- Opening Delimiter -

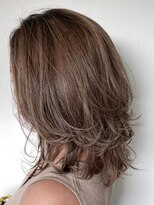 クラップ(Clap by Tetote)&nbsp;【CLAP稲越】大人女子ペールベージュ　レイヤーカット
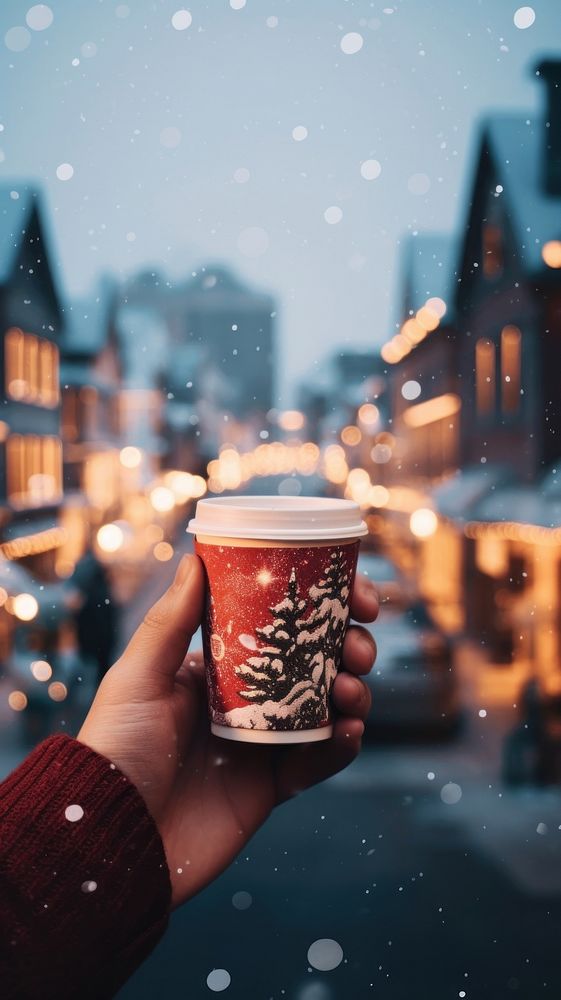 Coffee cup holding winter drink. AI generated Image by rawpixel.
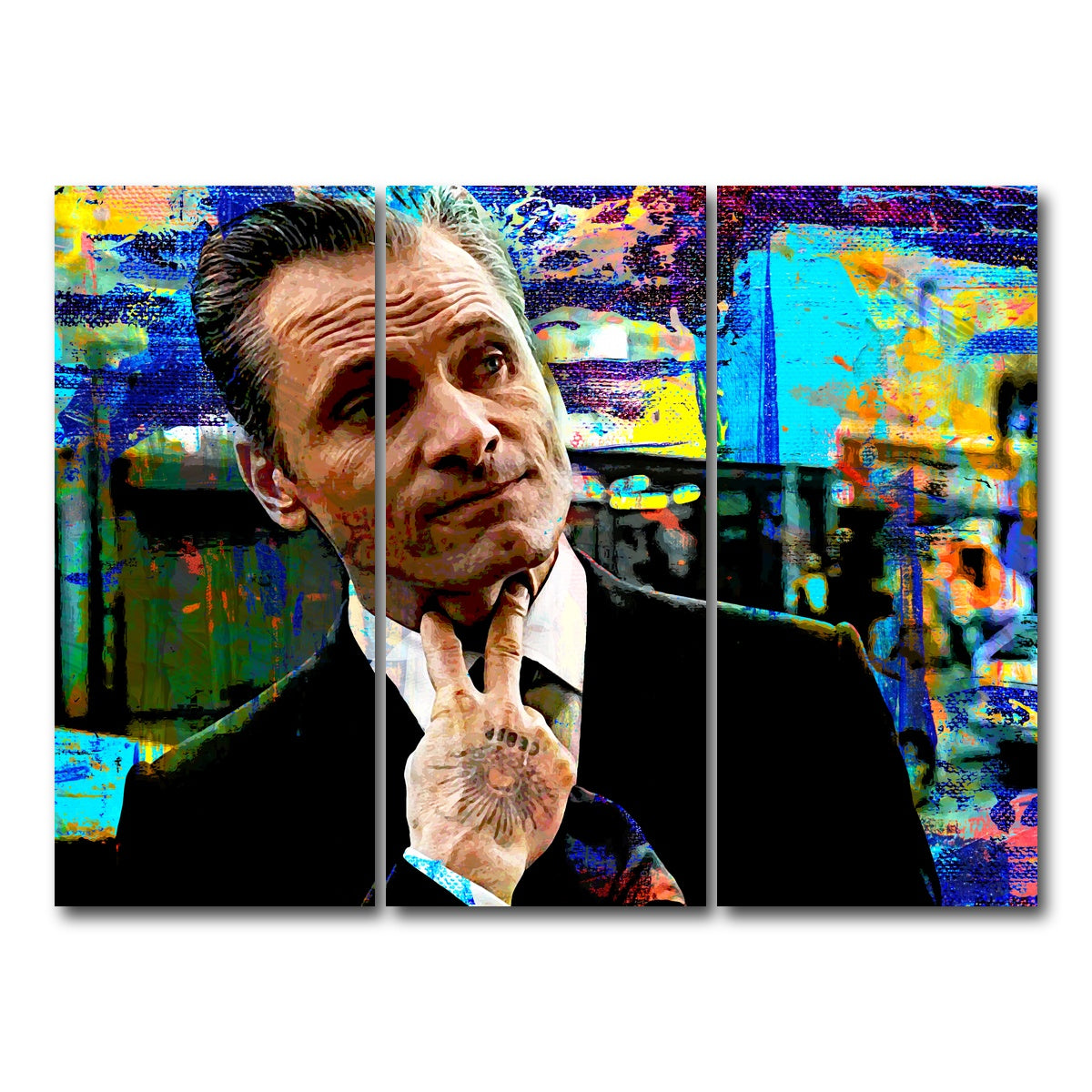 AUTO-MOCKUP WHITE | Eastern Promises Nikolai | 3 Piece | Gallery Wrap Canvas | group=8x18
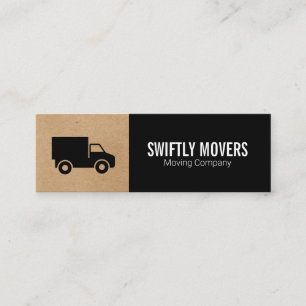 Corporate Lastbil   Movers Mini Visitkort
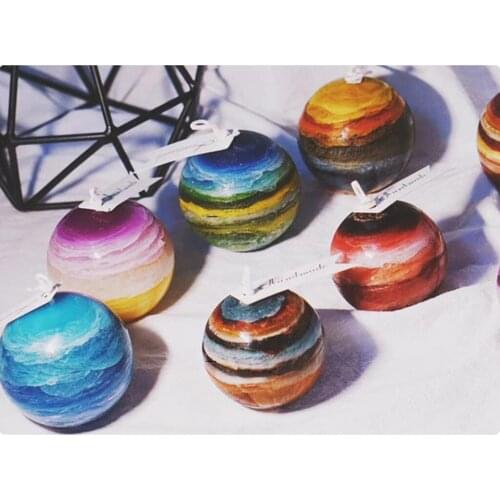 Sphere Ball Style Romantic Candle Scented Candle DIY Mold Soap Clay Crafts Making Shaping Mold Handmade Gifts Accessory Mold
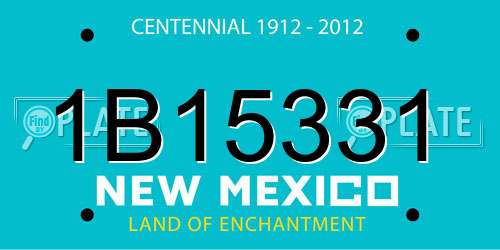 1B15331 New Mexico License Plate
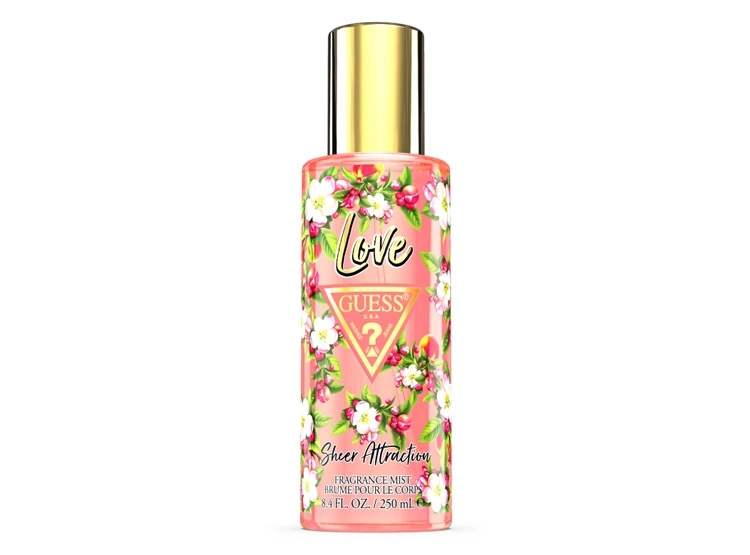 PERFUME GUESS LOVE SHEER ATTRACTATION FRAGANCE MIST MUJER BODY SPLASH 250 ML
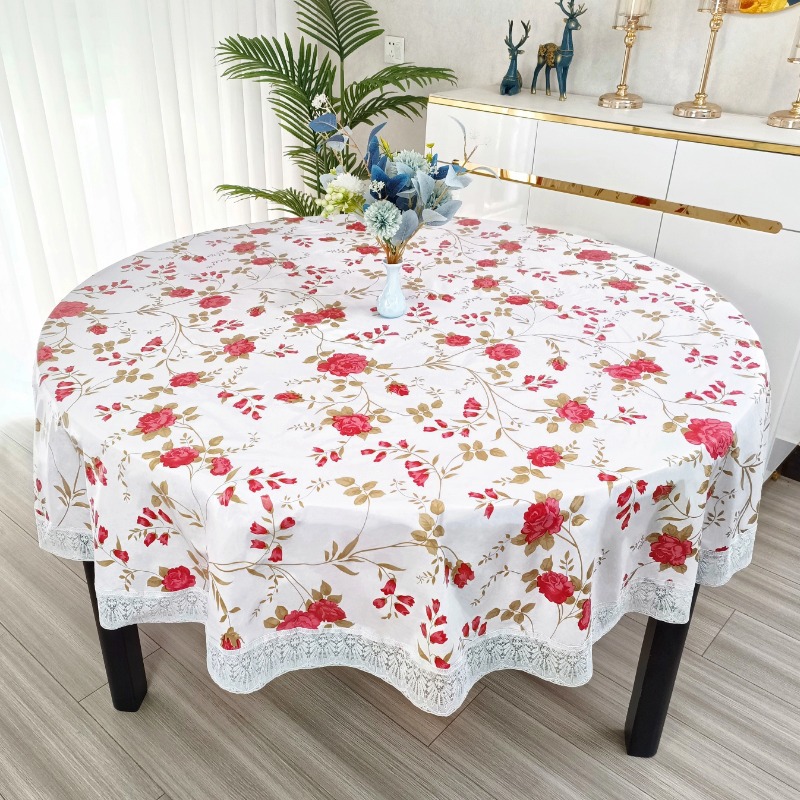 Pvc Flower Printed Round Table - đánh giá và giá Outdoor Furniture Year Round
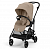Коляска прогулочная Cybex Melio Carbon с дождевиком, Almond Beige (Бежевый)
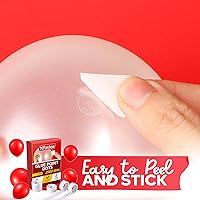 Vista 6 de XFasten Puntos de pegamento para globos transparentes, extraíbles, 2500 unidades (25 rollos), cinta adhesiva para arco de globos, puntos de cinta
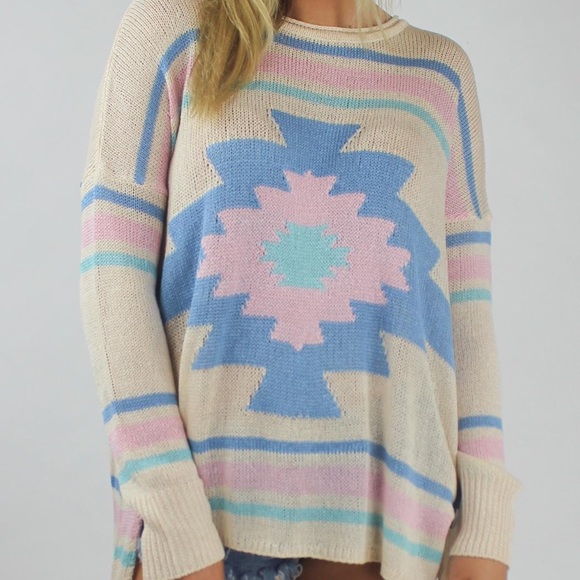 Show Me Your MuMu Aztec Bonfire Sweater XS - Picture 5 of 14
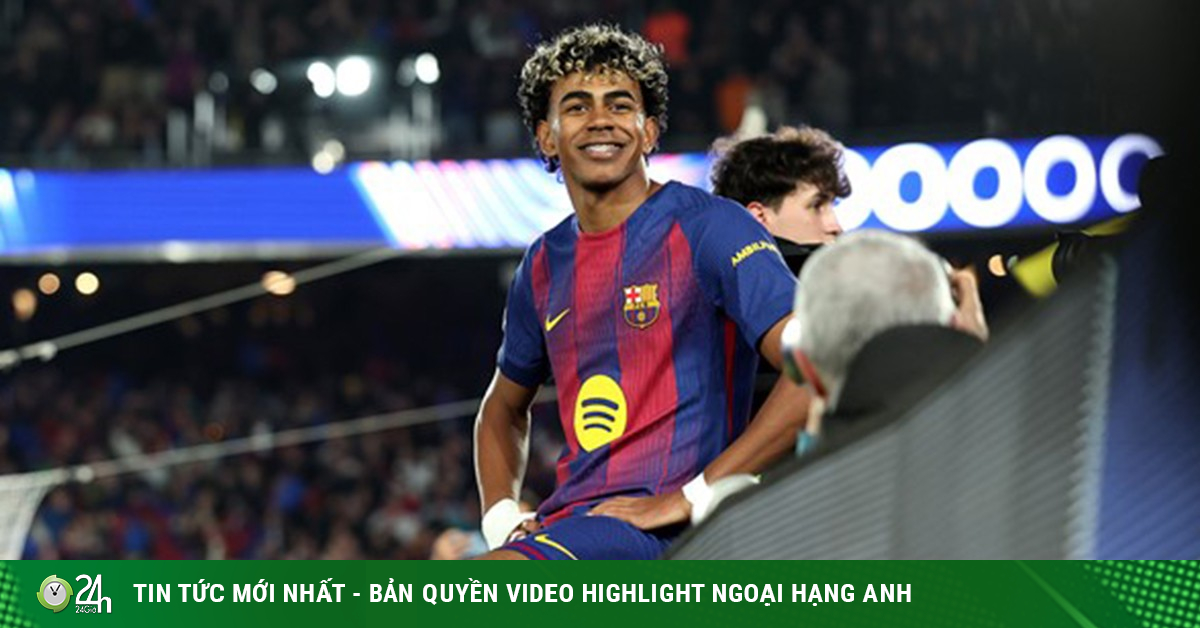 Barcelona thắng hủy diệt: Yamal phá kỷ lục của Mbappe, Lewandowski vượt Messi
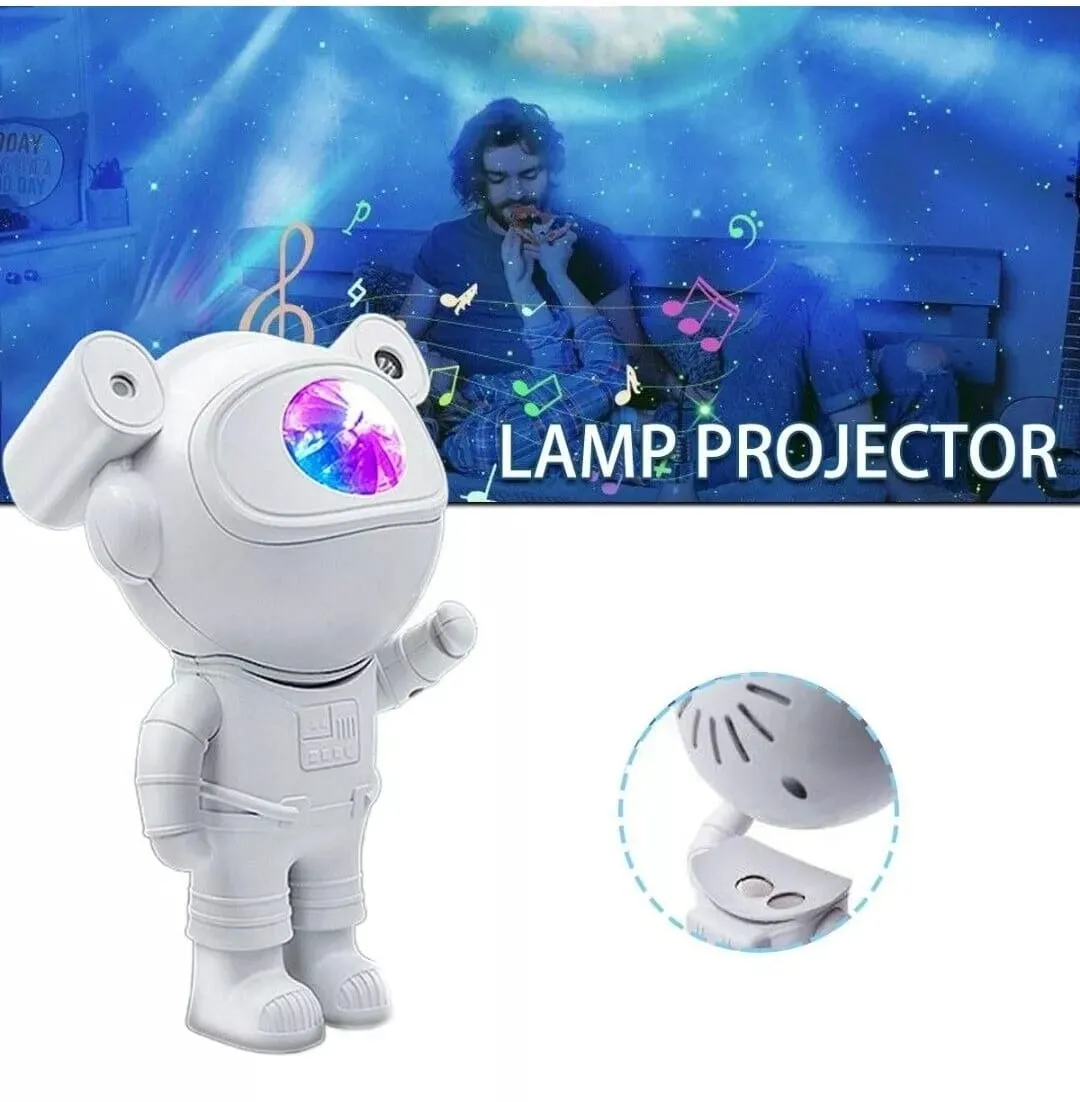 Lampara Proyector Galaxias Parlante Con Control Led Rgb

- Closing Delimiter -

▸ **What you will do**:
The reply must hold each line of the records verbatim and no pictures.

▸ **Completed exercise**:
 クラップ(Clap by Tetote)&nbsp;【CLAP稲越】大人女子ペールベージュ　レイヤーカット
 Coffee cup holding winter drink. AI generated Image by rawpixel.
 AUTO-MOCKUP WHITE | Eastern Promises Nikolai | 3 Piece | Gallery Wrap Canvas | group=8x18
 Corporate Lastbil   Movers Mini Visitkort
 Sphere Ball Style Romantic Candle Scented Candle DIY Mold Soap Clay Crafts Making Shaping Mold Handmade Gifts Accessory Mold
 1B15331 New Mexico License Plate
 PERFUME GUESS LOVE SHEER ATTRACTATION FRAGANCE MIST MUJER BODY SPLASH 250 ML
 Pvc Flower Printed Round Table - đánh giá và giá Outdoor Furniture Year Round
Коляска прогулочная Cybex Melio Carbon с дождевиком, Almond Beige (Бежевый)
 Vista 6 de XFasten Puntos de pegamento para globos transparentes, extraíbles, 2500 unidades (25 rollos), cinta adhesiva para arco de globos, puntos de cinta
 Show Me Your MuMu Aztec Bonfire Sweater XS - Picture 5 of 14
 Barcelona thắng hủy diệt: Yamal phá kỷ lục của Mbappe, Lewandowski vượt Messi
 Lampara Proyector Galaxias Parlante Con Control Led Rgb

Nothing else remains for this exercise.